O dinheiro que financiou uma rede global

A jornalista francesa Anne-Sophie Simpère, uma das autoras desta pesquisa, explica que o sucesso da Atlas Network em obter financiamento da ExxonMobil para seus programas decorreu de um objetivo comum entre as duas partes: fomentar centros de estudos de livre mercado em todo o mundo.

Entre os beneficiários, estavam cerca de duas dezenas de centros de estudos de livre mercado em diversos países, incluindo China (Unirule Institute of Economics, Institute of World Economics and Politics), Índia (Center for Civil Society, Liberty Institute), Chile (Libertad y Desarrollo), Argentina (Fundación Libertad) e Canadá (Fraser Institute).

Em março de 1999, o presidente da Atlas Network escreveu uma carta a um executivo dessa companhia petrolífera para agradecê-lo pelo apoio e pelas doações: “Em nome da Atlas e dos institutos que ela apoia, queremos agradecer novamente pelas generosas contribuições e pela confiança que você e a Exxon depositaram em nós.”

A carta era endereçada a William Hale, do departamento de relações públicas da ExxonMobil, e incluía um resumo de cinco páginas sobre o alcance global e a diversidade das atividades que a empresa financiava com doações para o programa Energia e Meio Ambiente: Soluções Baseadas no Mercado da Atlas Network.

Essas atividades incluíram diversas conferências abordando os receios sobre o aquecimento global, reuniões informativas internacionais lideradas por negacionistas proeminentes das mudanças climáticas e a distribuição global de um livro destinado a impedir que crianças em idade escolar se tornem defensoras arrogantes da ação climática. Sem o apoio financeiro da Exxon, afirmava a carta, “poucas dessas conquistas teriam sido possíveis”.
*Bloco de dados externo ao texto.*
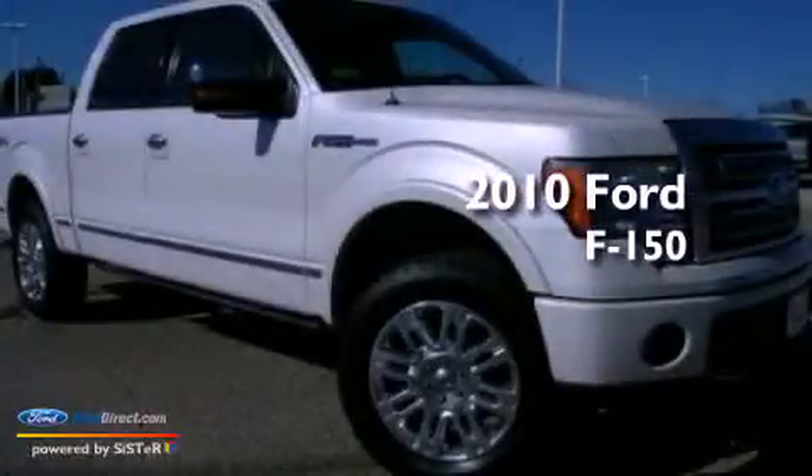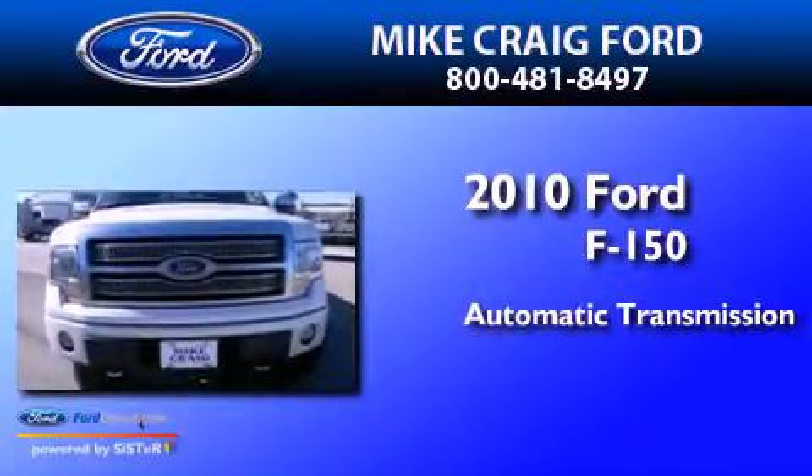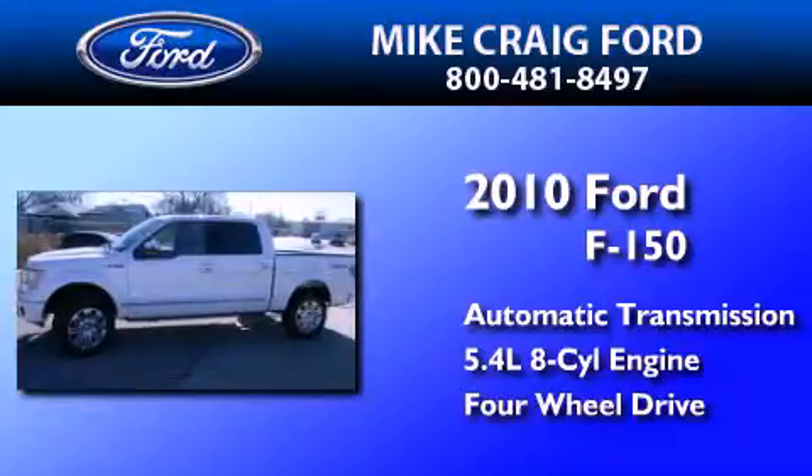This is a 2010 Ford F-150. This truck has an automatic transmission, a 5.4-liter V8, and the added safety and control of four-wheel drive.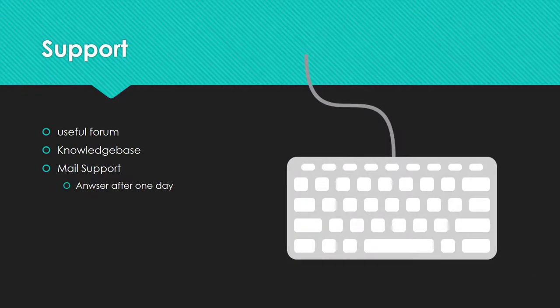Let's take a look at the support. They offer a knowledge base, a useful forum, and mail support. I opened up a ticket and it was answered the next day.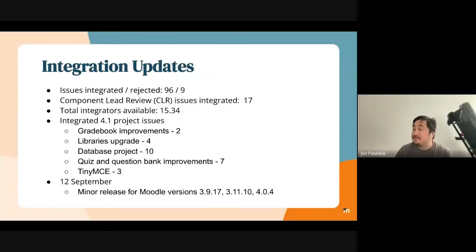From these past five weeks, we've integrated 96 issues. We have reopened nine issues.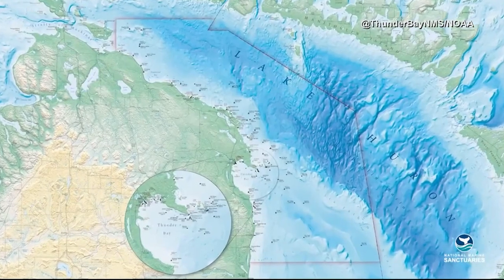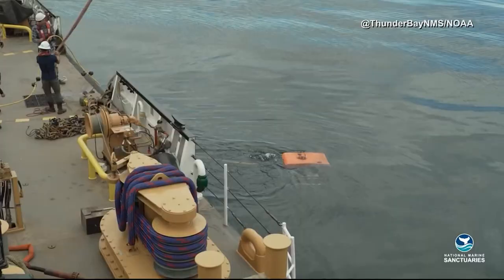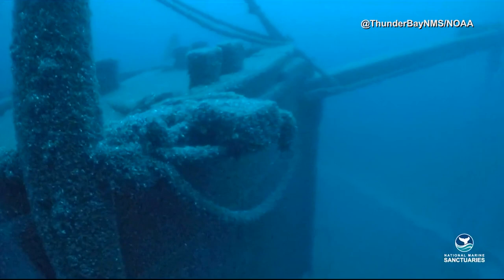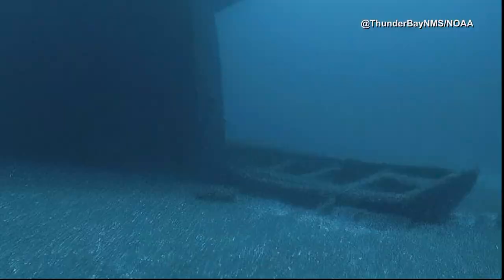Fascinating. Deep below the surface of Michigan's Lake Huron, a 128-year-old shipwreck mystery has been solved. Crews found the remains of the long-lost Ironton shipwreck in preserved condition. Researchers used cutting-edge technology to locate the 191-foot ship, which collided with another boat in 1894 and both ships sank. Officials say the lake's cold, fresh water helped to preserve the ship, which is resting upright with three masts still standing.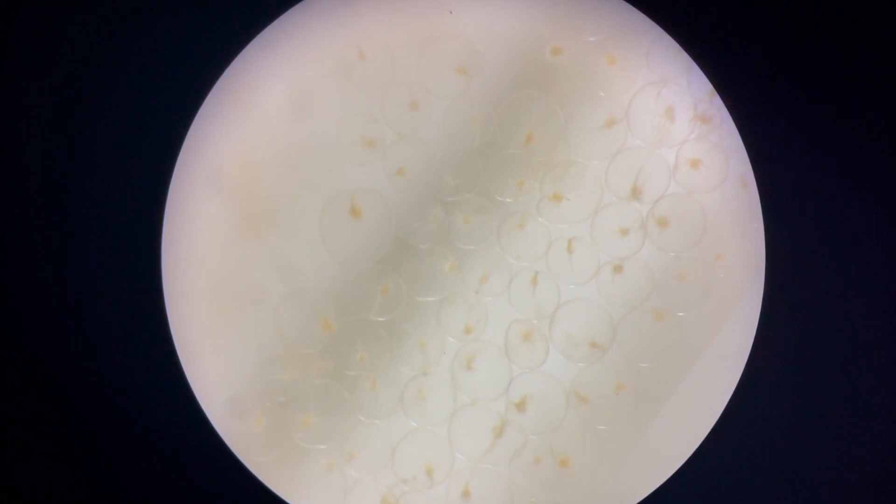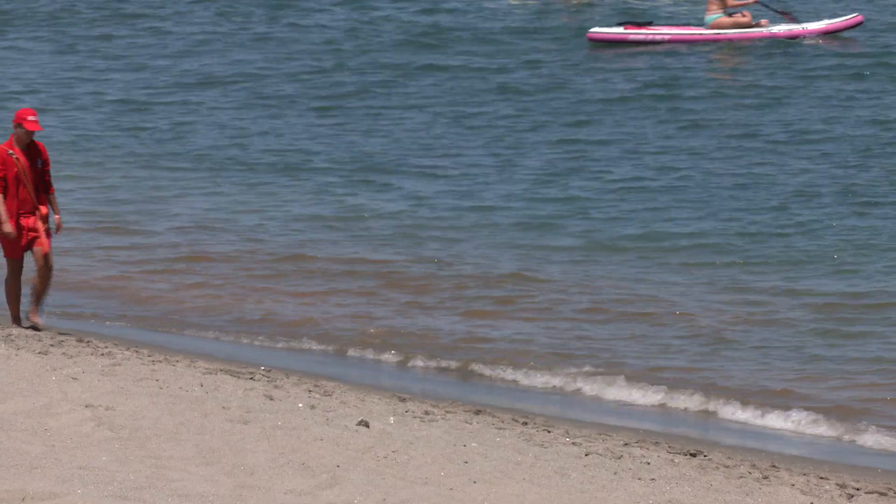My personal recommendation is: don't go swimming in it. However, on the plus side, what Gibraltar will probably be treated to is a wonderful display of bioluminescence around our shores.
Em resposta à divulgação desses documentos, o atual CEO da Atlas Network, Brad Lips, defendeu a relação da organização com a ExxonMobil, argumentando que "essas doações do final da década de 1990 e início dos anos 2000 refletiam a visão da nossa liderança na época de que a regulamentação ambiental excessiva, baseada nas mudanças climáticas, seria prejudicial ao crescimento econômico geral e, especialmente, à oportunidade de elevar os padrões de vida no Sul Global".
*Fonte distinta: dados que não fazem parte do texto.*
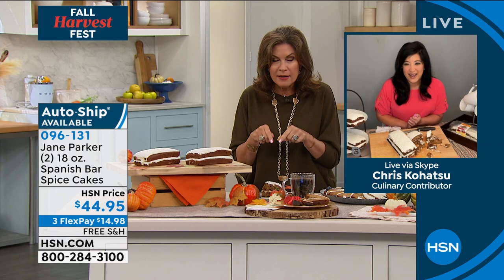$44.95. Chris, thank you so much. They are delicious. I am going to go order mine because I'm going to have this in my home.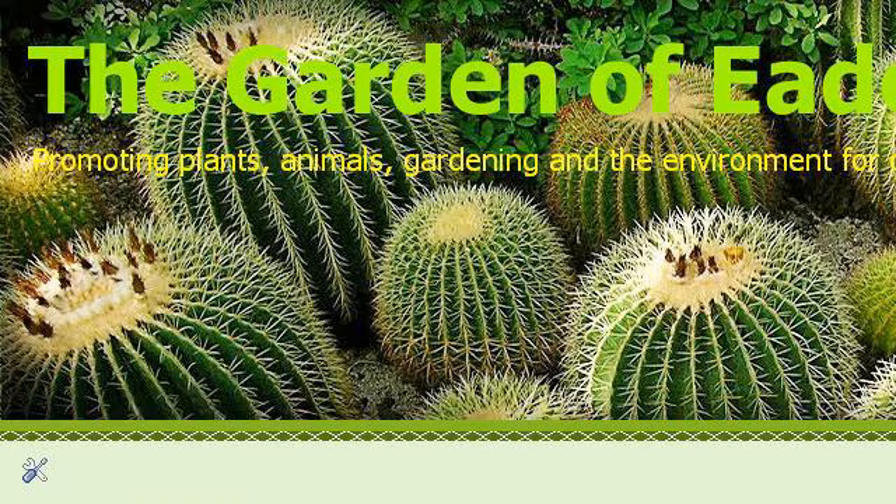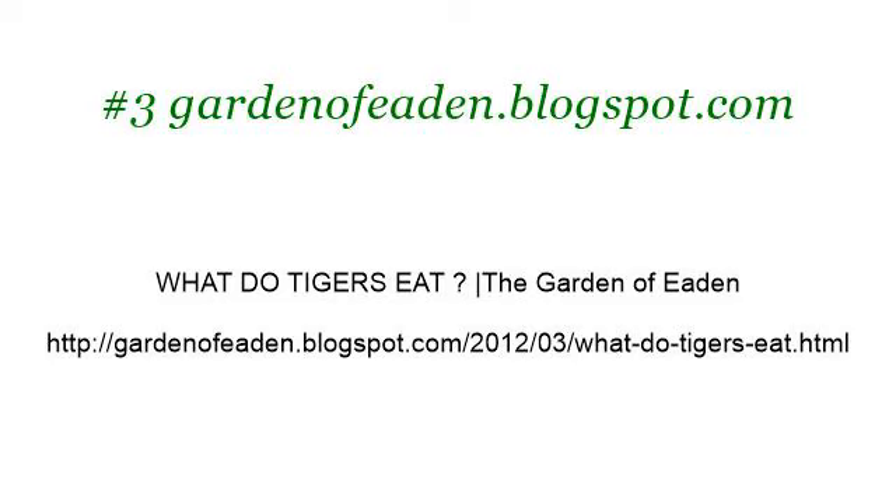Last but not least, try our third-ranked site Garden of Eden.blogspot.com. The web page 'What do tigers eat?' — The Garden of Eden. Here's the link.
Ele também esclareceu que o foco da organização havia mudado na última década e que "posições sobre questões de ciência climática" não eram mais uma prioridade para parceiros e colaboradores. No entanto, no ano passado, no Hotel Intercontinental em Madri, a Atlas Network organizou o Fórum Europeu da Liberdade, que reuniu líderes empresariais, economistas e diretores de organizações e associações ligadas ao neoliberalismo. A expressão "acabar com o fanatismo climático" foi ouvida em mais de uma apresentação.